Vi ricordate la storia degli yacht e delle mega ville sequestrati agli oligarchi amici di Putin (800 milioni di bendiddio)? Quei barconi super lussuosi ormeggiati nei porti più esclusivi d’Italia e quelle villone pacchianamente fastose? Bene, quei sigilli rischiano di costarci carissimo, in termini sia economici che giuridici. E anche a breve termine.
Ad avvertirci dei nuvoloni in arrivo è il Sole 24 Ore. Il giornale salmonato segnala che questa messa in stand by dei miliardari russi non corrisponde a un sequestro o a una confisca ma a un congelamento, scenario previsto dalle normative comunitarie ma assente nel nostro ordinamento. E già questo crea un vulnus. Perché non può esserci il provvedimento di un nostro giudice a stabilire il blocco dei beni ma si deve fare riferimento ai regolamenti Uendel 2014 e del febbraio 2022.
Altro aspetto giuridico e sensibile è la questione relativa alla proprietà di questi beni che non fa direttamente riferimento alle persone fisiche degli oligarchi ma alle persone giuridiche di società di cui essi fanno parte.
“Per l’ordinamento italiano – scrive il Sole 24 Ore – la società di capitali è un soggetto distinto dalle persone dei soci e beneficia di autonomia patrimoniale: ciò significa che la società risponde dei propri debiti, ma non delle obbligazioni dei soci”.
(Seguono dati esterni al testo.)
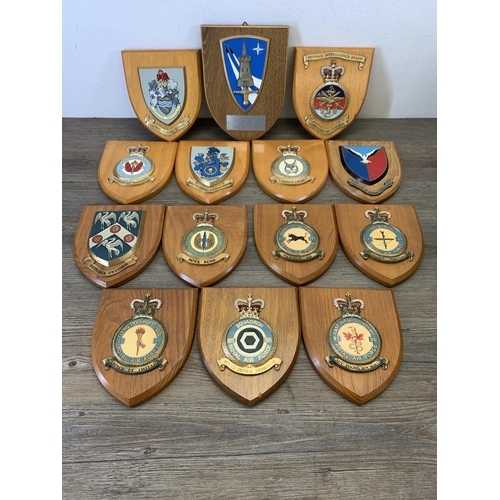 1059 - Fourteen hand painted military regiments shield plaques to include Royal Air Force (Natal) Squadron,...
Ci fermiamo qui con i tecnicismi più astrusi e arriviamo alla conclusione che è la seguente: la decisione di sequestrare, ma sarebbe più corrette dire congelare, le mirabilia degli epuloni russi potrebbe essere presto impugnata dagli stessi davanti al Tar o alla Corte Europea. Nel caso i ricorsi dovessero essere accolti, ciò comporterebbe l’obbligo di risarcimenti da parte del nostro Paese nei confronti di questi signori pieni di soldi. Insomma, al danno dei costi di manutenzione, che come è noto spettano all’Agenzia del Demanio (150mila euro al giorno) si aggiungerebbe la beffa dei risarcimenti.